Spark (November 2024 - Present)
Python, YOLO, Librosa, OpenCV, Matplotlib, NumPy
Speed Training Made Easy
Spark is a computer vision-based software that automatically times sprints from video footage. Using YOLO's pose estimation software, it can identify athletes and track their movements frame by frame. The timing's precision is within 0.03 seconds using the YOLO11l-pose model and improves the efficiency of a speed training session.
Demo Videos

We are using the YOLO11l-pose in this video, the second most accurate model available. The YOLO11x-pose model is the most accurate and timing can be accurate down to 0.005 seconds, but at the cost of slower processing time.This demonstration does not show an actual use case of the software, but it demonstrates how "final time" is calculated. The program generates the audio graph show in the image. After extracting the peak audio time, we compare this with the time when the runner crosses the "finish line". Comparing the second video with the fourth video, we can see the accuracy of the program. There are still improvements to be made on detecting when the runner crosses the finish line.
How To Use
Many features are yet to be implemented, but here is how it works for now.

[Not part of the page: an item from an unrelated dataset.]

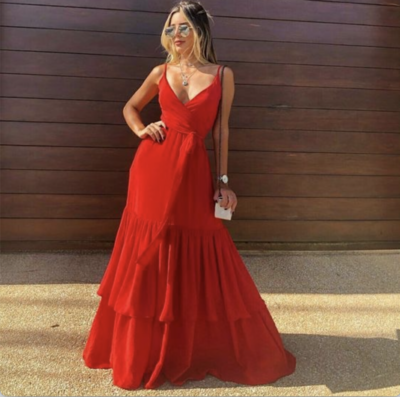 Red Prom Dresses Spaghetti Straps for Party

- Set camera up at finish line. Center the screen on the finish line.
- Start recording.
- Runner/coach/teammate gives audio cue, such as "GO".
- Go!
The system works by first detecting the auditory cue, or the peak in audio. It then tracks the athlete through the finish line, and calculating the elapsed time from start to end.
What's Next?
Currently, more than one person in the frame will lead to inaccurate results. There needs to be a way to mark the runner as the person we are following. Also, if the person giving the audio cue is not right by the phone, there will be a small error in time due to the speed of sound. The next major step will be to deploy the software.